You get forms. So many forms. Forms to request forms. A form to confirm you received the form. Somewhere, a printer is working overtime like it’s training for the Olympics.
Decisions are made with great care—layered in approvals, wrapped in policies, and sealed with a phrase like “for your benefit,” which is usually your first clue that it definitely isn’t.
You want to fix a small issue? Great. Just submit your concern, wait 6–8 business months, attend a hearing, review a draft, comment on the draft, review the revised draft, and then watch as your original problem evolves into three entirely new problems.
Efficiency isn’t the goal. The appearance of efficiency is. It’s like watching someone alphabetize a junk drawer instead of throwing anything away.
And the best part? They’ll tell you you’re being heard the entire time. Loudly. Repeatedly. In emails. In statements. In press releases. You’re so heard, in fact, that nothing actually needs to change.
Meanwhile, in people’s democracy, someone already grabbed a shovel and fixed the problem while the meeting was still being scheduled.

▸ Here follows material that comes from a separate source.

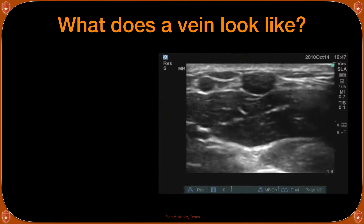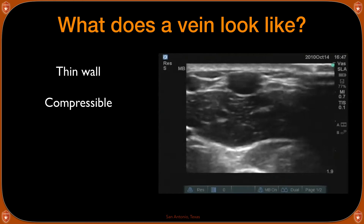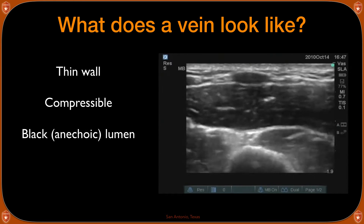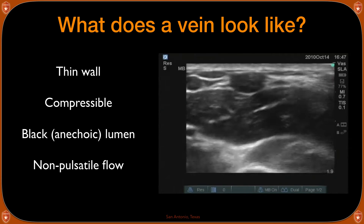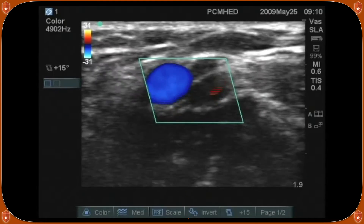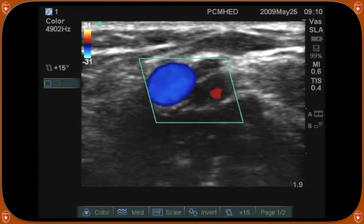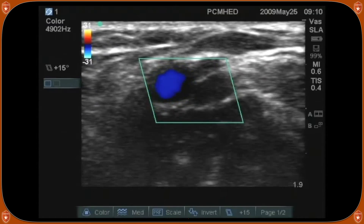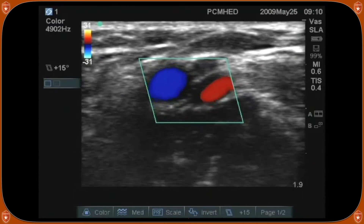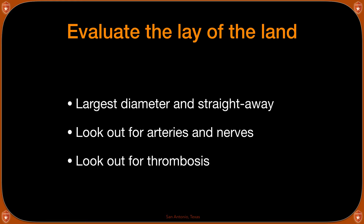When investigating a vein, make sure it is actually a vein. A vein has a very thin wall, is very easily compressible, the inside looks black or anechoic, and it has non-pulsatile flow. If you're not sure whether a vessel is an artery or vein, apply color Doppler to see the flow. Blue and red don't stand for vein and artery — they indicate flow direction away from or toward the probe. You're just looking for pulsatility. Look for the largest diameter vein and straightaways — avoid tortuous vessels.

One system says, “We’ve got a process.”
The other says, “We’ve got people.”
One trusts structure so much it builds a maze.
The other trusts humans enough to hand them the map—and argue about it in real time.
Sure, people’s democracy can feel like controlled chaos. But at least it’s controlled by the people, not buried under twelve layers of “just one more step.”
Because if things are going to get messy anyway, you might as well let the people holding the mop have a say in where to clean.